1.       Use nchar/nvarchar instead of char/varchar type.   Nchar/nvarchar type is SQL Server's Unicode data type, which can store any characters defined by Unicode Org.  char/varchar type always associates with a code page, so the number of supported characters is limited.  I give you some fact to show why use Unicode data type is recommendation: 

o   Starting from Windows 2000, Windows have full Unicode support implemented by using UTF-16 Encoding.  Windows APIs take WCHAR* as input which represent a Unicode String. 

o   Virtual C++ has WCHAR, which is Unicode char type.

o   .Net String is Unicode String only encoded in UTF-16.

o   Java String is Unicode String only encoded in UTF-16.

o   Char type might have data corruption issue if your client locale is different with server locale.

So it is time to deprecated the old code page technique, and use the Unicode in your application, and also in your SQL Server database.   The only benefit of using char type is the space saving for single byte code page.  You can always use the Data Compression feature in SQL Server 2008 if you care about disk space, which can save more space than using char type.  
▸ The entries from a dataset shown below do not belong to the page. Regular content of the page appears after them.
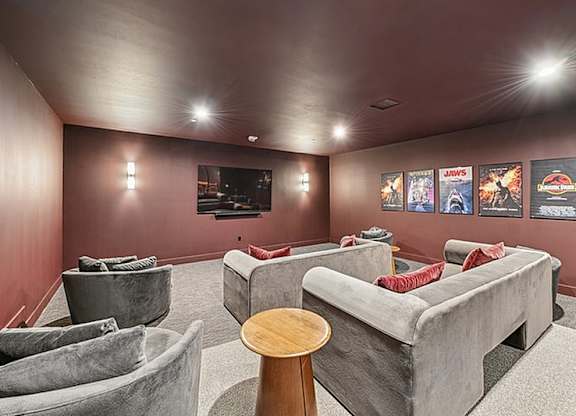 Room with grey couch and tv at 701 Hudson, Los Angeles, CA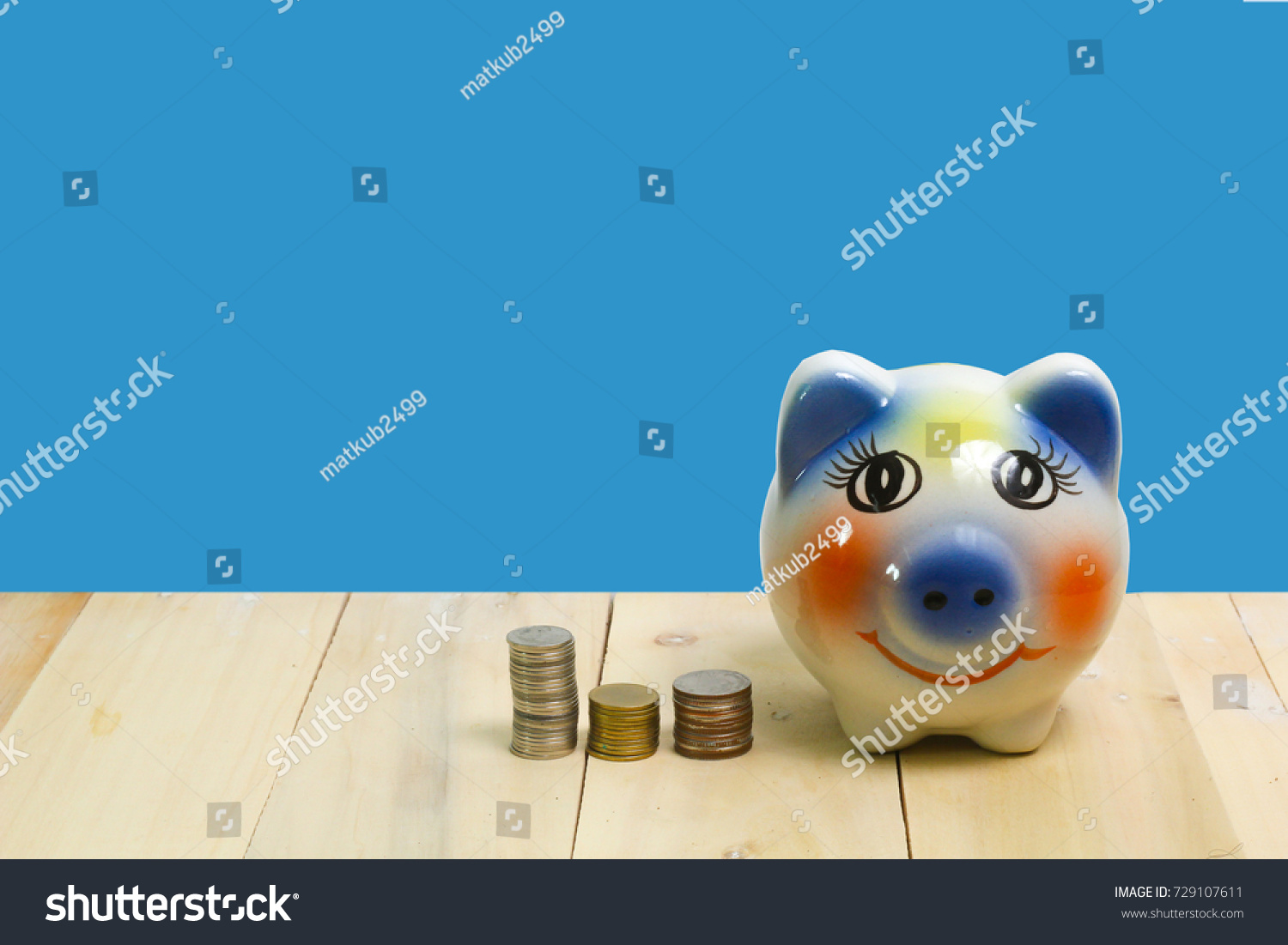piggy bank and on wood blue background #729107611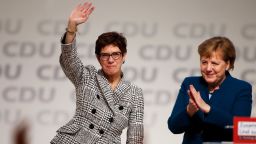 Germany's conservative Christian Democratic Union (CDU) newly elected leader Annegret Kramp-Karrenbauer waves next to German Chancellor Angela Merkel (R) during the CDU congress on December 7, 2018 at a fair hall in Hamburg, northern Germany. - Annegret Kramp-Karrenbauer, a close ally of German Chancellor Angela Merkel, on Friday won a party vote to succeed the veteran leader at the helm of the centre-right CDU. (Photo by Odd ANDERSEN / AFP)        (Photo credit should read ODD ANDERSEN/AFP/Getty Images)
2.       Also remember to put N' for your string literal in T-SQL.   String literal N'abc'   is a Unicode nvarchar string literal.  Literal ‘ab©'  is a varchar literal, it always associates with a codepage (string literal always use current database's collation). Suppose char © is not in the code page, you will get a question mark (?) when inserting the literal into a table,  even the column is nvarchar type. 

3.       Use nvarchar instead of nchar.  The different between nvarchar and nchar is the storage.  A column with nchar(30) type always take 60 bytes to store on the disk, even the value is a single character.  The data size for a nvarchar(30) type column is not fixed,  it varies row by row or value by value.  A single character value takes 2 bytes to store, and a value with 30 characters long  takes 60 bytes to be stored.  Another different between nvarchar and nchar type is the performance.  Nchar types always stored in fixed location in every row, which can be retrieved faster than nvarchar type which is stored in different location for different row.  However, I believe the benefit of less stored space for nvarchar types usually overcomes the cost of locating the value in a row. 

4.      If possible, avoid using a column collation which is different with the database's collation.   You will have less collation conflict.   If you want a query use a special collation's sorting rule, use explicit collate clause in that query.

5.       Use Windows Collation instead of SQL Collation.   The only exception here is the default collation for en_US locale which is sql_latin1_general_cp1_ci_as.

6.       Never store UTF-8 string in varchar types, you will get data corruption.

7.       Keep in mind, string comparison always ignore trailing spaces (Unicode U+0020), no matter what collation you are using.

8.       Keep in mind, LEN function always return the number of characters exclude the trailing spaces. DataLength function returns the storage size in term of bytes.

9.       using _BIN2 collation, instead of  _BIN collation if you want binary, code page base string comparison behavior.